> _WORK TO BE COMPLETED_: Return nothing but the lines from the one containing "Volkswagen Touareg III, 2011" through the end of the records below, exactly as they stand and without pictures.

· · ·

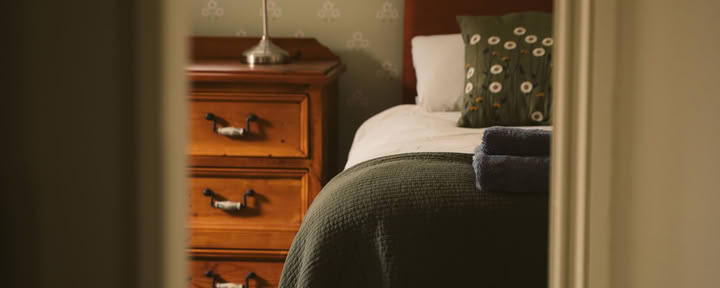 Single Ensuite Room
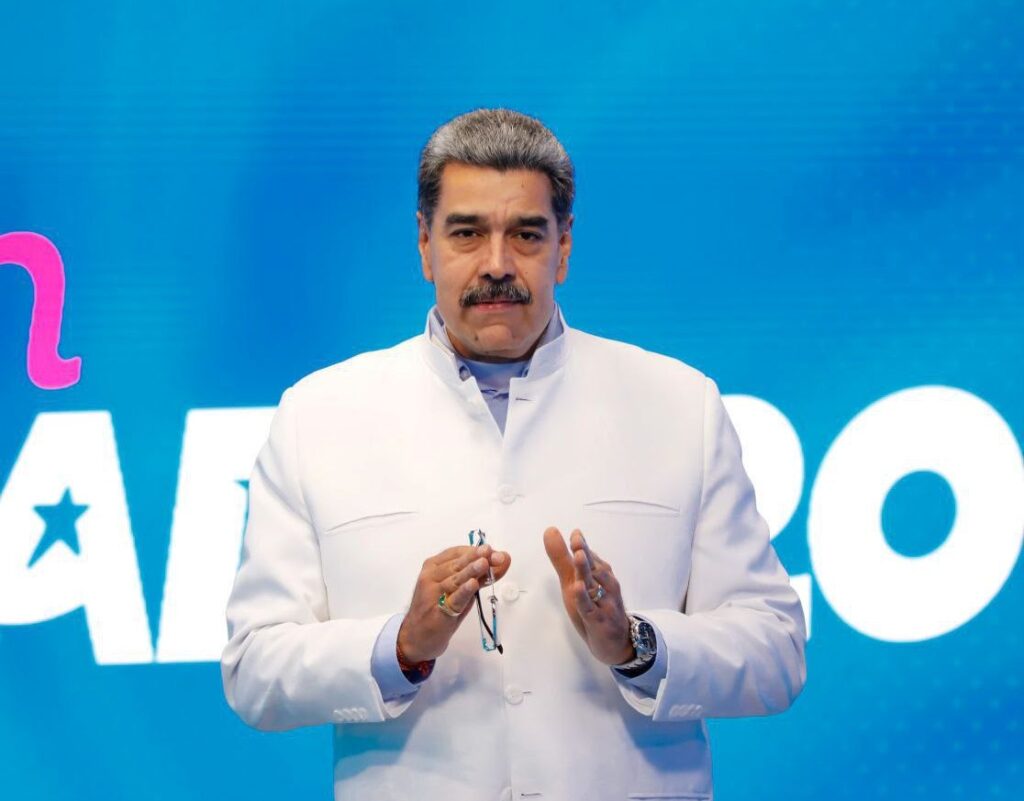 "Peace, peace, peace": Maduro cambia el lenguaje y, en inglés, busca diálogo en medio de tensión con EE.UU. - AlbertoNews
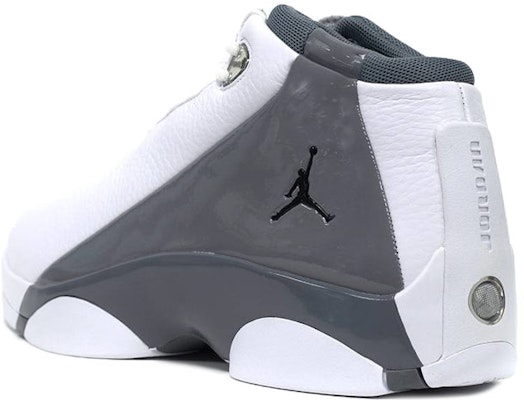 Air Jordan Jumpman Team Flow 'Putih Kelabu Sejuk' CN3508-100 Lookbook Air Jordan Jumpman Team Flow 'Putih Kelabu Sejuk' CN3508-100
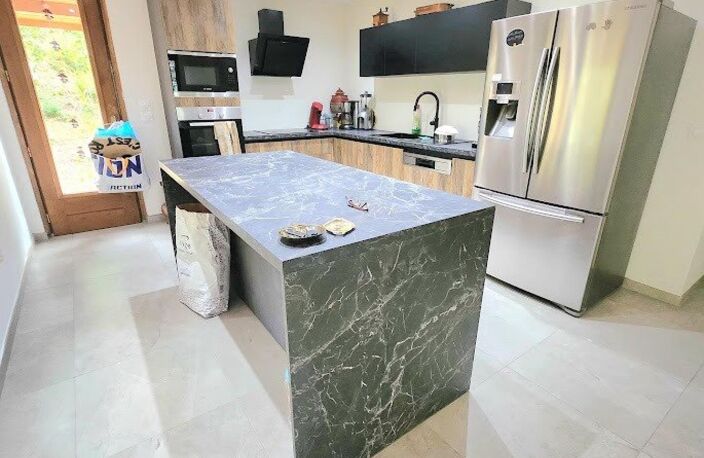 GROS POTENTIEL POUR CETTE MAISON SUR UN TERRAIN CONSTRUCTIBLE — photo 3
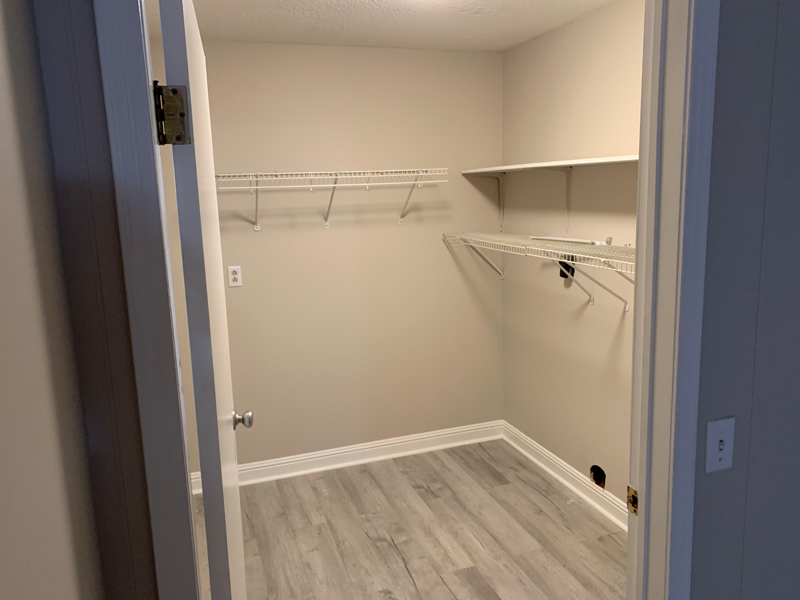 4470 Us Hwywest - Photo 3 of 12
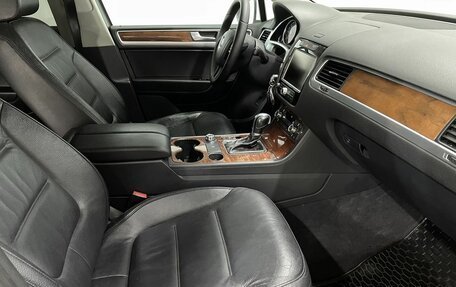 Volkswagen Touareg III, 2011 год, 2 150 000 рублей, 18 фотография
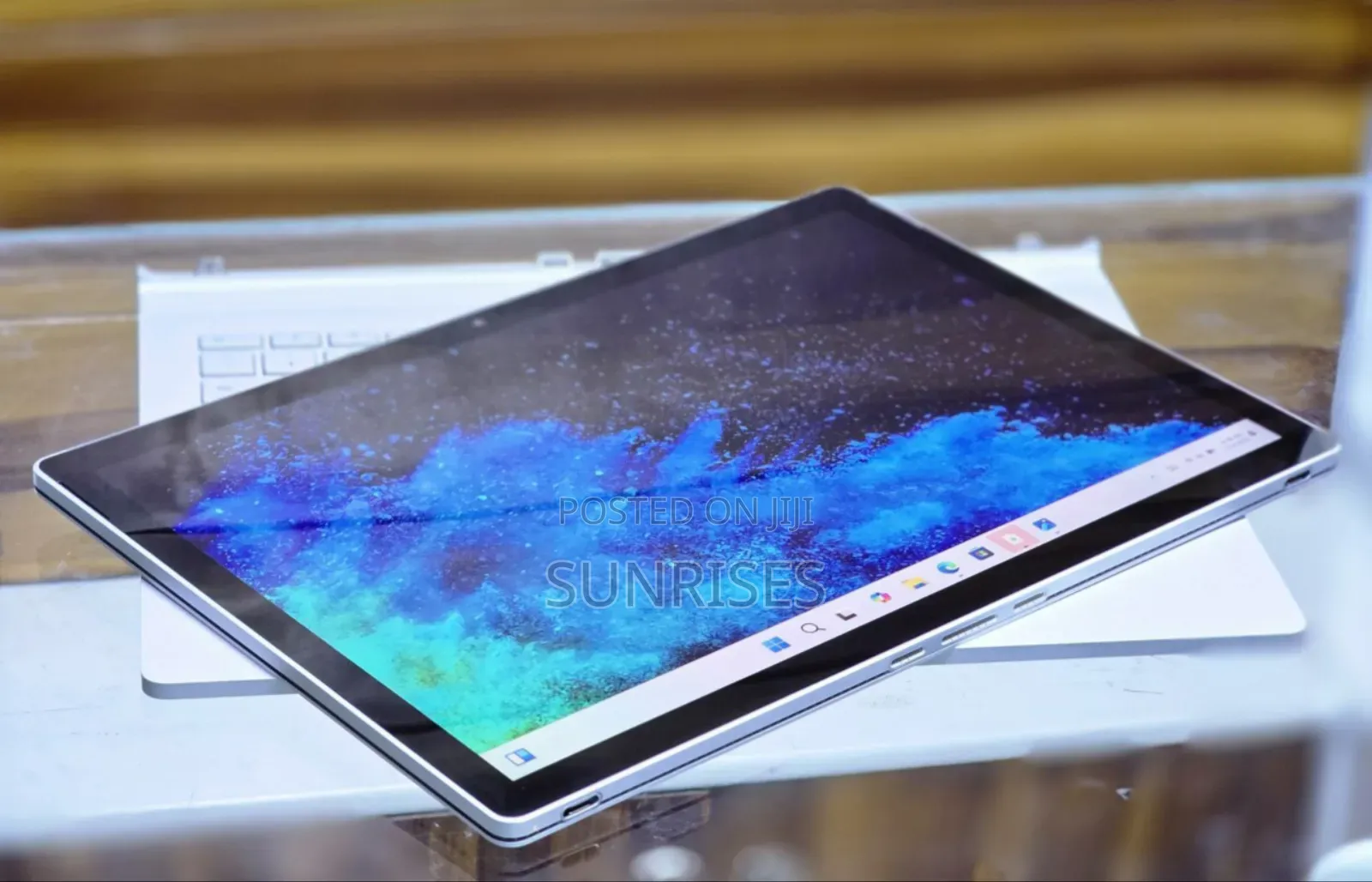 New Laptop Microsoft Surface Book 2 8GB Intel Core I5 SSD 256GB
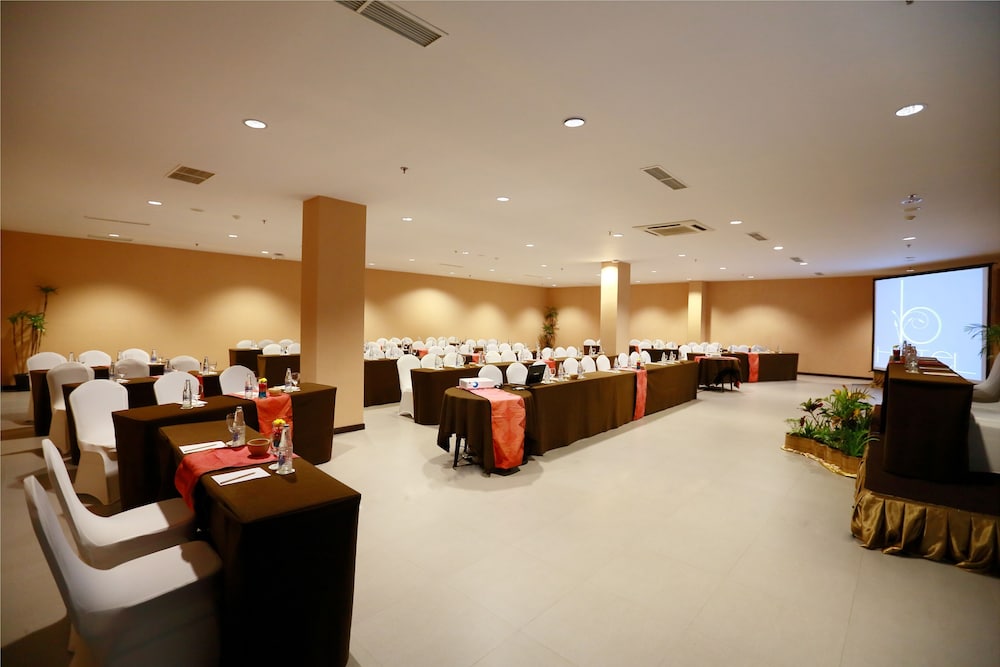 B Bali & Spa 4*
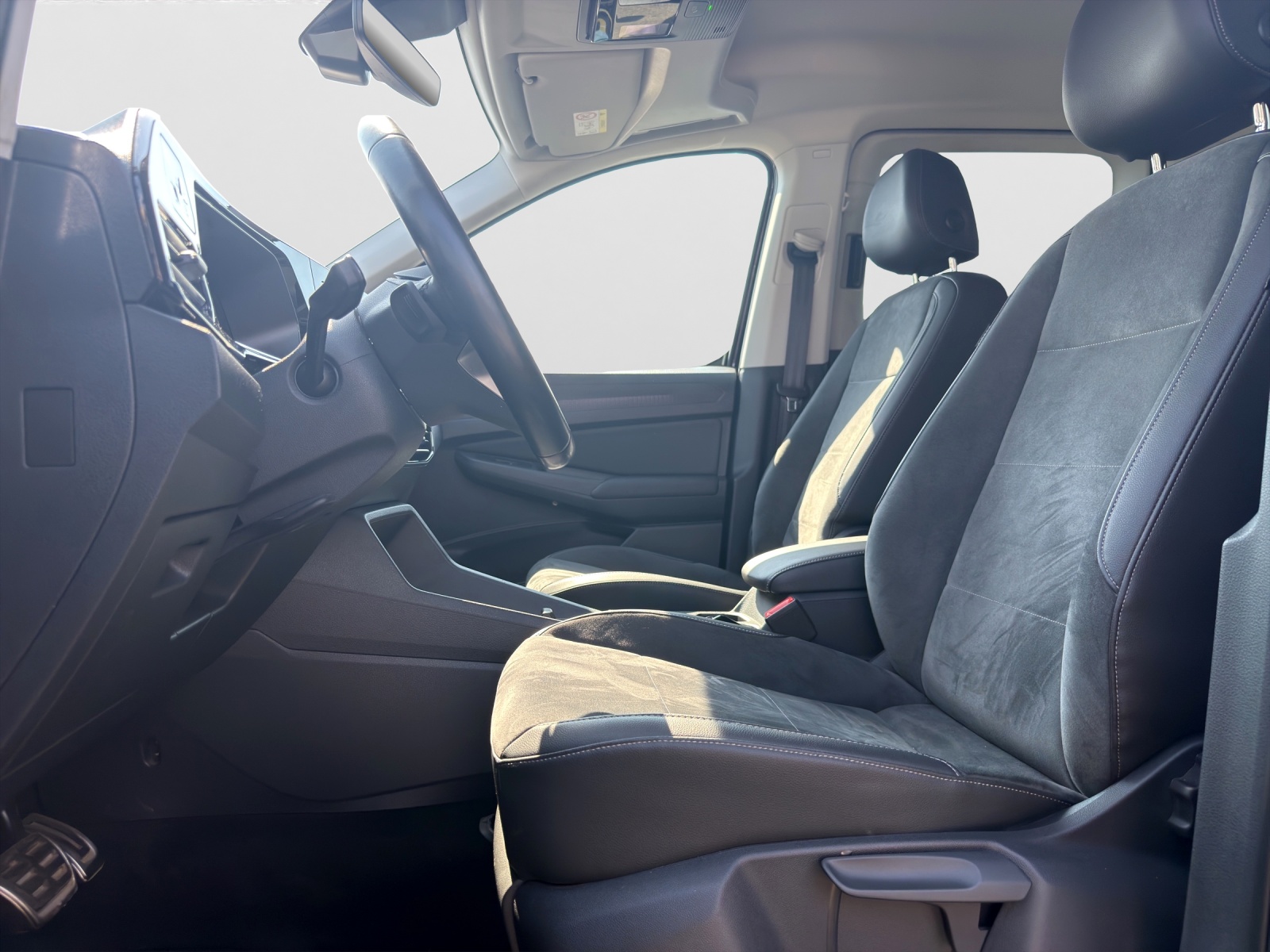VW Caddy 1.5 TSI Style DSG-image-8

· · ·

> _SOLUTION TO THIS PROBLEM_:
 Volkswagen Touareg III, 2011 год, 2 150 000 рублей, 18 фотография
 New Laptop Microsoft Surface Book 2 8GB Intel Core I5 SSD 256GB
 B Bali & Spa 4*
VW Caddy 1.5 TSI Style DSG-image-8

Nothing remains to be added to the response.